Resûlullâh (s.a.v.) Efendimiz şöyle buyuruyorlar: “İslâm beş (şey) üzerine bina edilmiştir, Allâhü Te’âlâ’dan başka ilâh olmadığına ve Muhammed (s.a.v.)’in, O’nun Peygamberi  olduğuna  şahadet  etmek, namaz kılmak, zekât vermek, Kabe’yi haccetmek, Ramazan orucunu tutmak.” (Buhârt. İmân)
Efendimiz (s.a.v.)’in “islâm beş şey üzerine bina edilmiştir” sözünden; bu beş şeyi yapanın, müslümânlığının tam olduğu anlaşılır. Nasıl ki bir ev gerekli şeyler yerine getirilince tamamlanırsa islâm da beş şey yerine getirilince tamamlanır. Bu bina ma’nevî  bir binadır.

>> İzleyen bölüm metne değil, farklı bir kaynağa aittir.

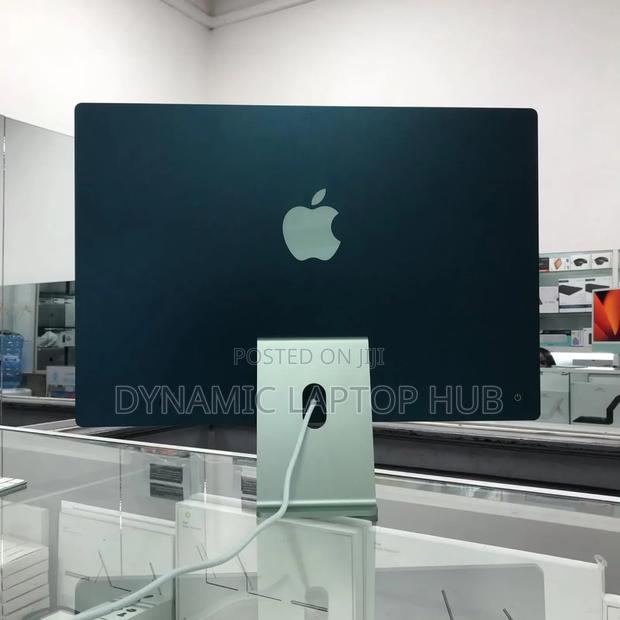 Desktop Computer Apple iMac M1 8GB Apple M1 SSD 256GB - thumbnail 4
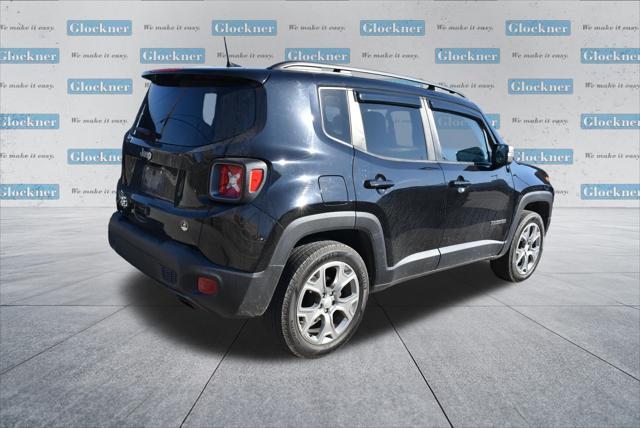 2020 Jeep Renegade Limited 4x4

Ancak maddî binaya benzetilmiştir. Aralarındaki benzetme yönü de, maddî binanın bazı temelleri yıkılınca tam olmayacağı gibi, ma’nevî binanın da böyle olacağıdır. Bunun  için Peygamber  (sav):
“Namaz dînin direğidir. Onu terk eden dînini yıkmış demektir” diye buyurmuşladır. Diğer esâslar da aynen böyledir.
Allâhü Te’âlâ da mü’mînler ile münafıklar için şu Âyeti-Kerîme’yi indirmiş ve şöyle buyurmuşlardır:
“Binasını Allah korkusu ve rızâsı üzerine kuran kimse mi daha hayırlıdır; yoksa, yapısını yıkılacak bir uçurumun  kenarına kurup onunla beraber kendisi de çöküp cehennem ateşine giden kimse mi? Allah, zâlimler  topluluğunu  doğru yola iletmez.” (Tevbes.109)
Allah (c.c.) mü’minlerin binasını sapasağlam duran bir dağ üzerine yapılmış bir binaya, kâfirlerin binasını ise, ayakta kalamayacak ve uçurumun kenarına yapılan binaya benzetiyor. Neticede denizin uçurumla birlikte binayı göçürüp sulara gömdüğü gibi kâfir de cehenneme düşer ve helak olur. Hadîs’te geçen beş şey binanın temel taşlardır.
Diğer farzlar ve Sünnetler (vâcib ve müstehâblar) ise, tamamlayıcı olan şeylerdir ki onlar da binanın süsleridir.